Ben Baxter set the last injector carefully on the plyboard and sawhorse makeshift table. He pulled the blue rag out of the back of his pocket and started wiping his hands, looking around at the almost deserted shop.

“Hey, boss. I’m leaving.” Fred Tomlin, his gray hair sticking out from under his ball cap in wispy strands, stopped beside the gutted Peterbilt Ben had been working on.

“Thanks for staying and giving me a hand with that core.” Ben shoved the rag back in his pocket.

“You still have a meeting with the fancy lady?” Fred asked with a smirk.

Riley Coleman wasn’t hated around the shop. She was a fair manager and nice to look at, but with her business suits and perfectly shiny hair and nails, she would never be on their level. Which made her an outsider. Ben never bothered defending her. Not after what she’d done to him.

“Yep.” Ben wiped the last of his wrenches off and set it back neatly in the drawer with the rest of the set. “She should be here any minute.”

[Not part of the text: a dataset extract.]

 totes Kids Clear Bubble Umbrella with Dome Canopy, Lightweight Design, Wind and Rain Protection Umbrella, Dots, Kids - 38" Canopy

Fred paused in the act of raising his hat and rubbing his mostly bald head. “She’s coming here?” he asked incredulously, hooking a finger in the pocket of his jeans. Most shops had a uniform policy. Ben had done away with it first thing when he’d become foreman. That wasn’t the only change he made, but by the time the higher-ups realized what was going on, they couldn’t argue with his improved output numbers. Riley couldn’t argue. This wasn’t their first meeting.

“Said she was.” Ben carefully wiped off his three-quarter-inch socket.

This was their first meeting, however, in the shop. Every other time he’d been called on the carpet, he’d had to stand like a bad little schoolboy hanging his head in front of the principal’s office. Never again. His sisters had graduated from high school and had several years of additional training under their belts. He could finally afford to take the risk he’d always wanted to take.

Fred’s eyes swept over him, taking in the grease on his t-shirt, arms, and face. It mixed with the blood he’d wiped there when his forearm had clipped a jagged piece of metal after cutting off a stubborn bolt.

“Ain’t you gonna clean up at all?”

“Nope.” He gave Fred a grin. “Won’t hurt the woman to see what a working man looks like.”

Fred returned his grin and shrugged before turning. “See ya tomorrow.”

“Flip the lights out for bays one and two before you go.”

Fred didn’t answer, just hit the switches on the way out the door.

Maybe he should have cleaned up, at least washed his hands and arms. But with his sisters raised, he had a hard time caring about impressing the snotty daughter of the owner of one of the biggest trucking and repair companies in the country.

Riley could come to him. He didn’t give a flip, because he was quitting.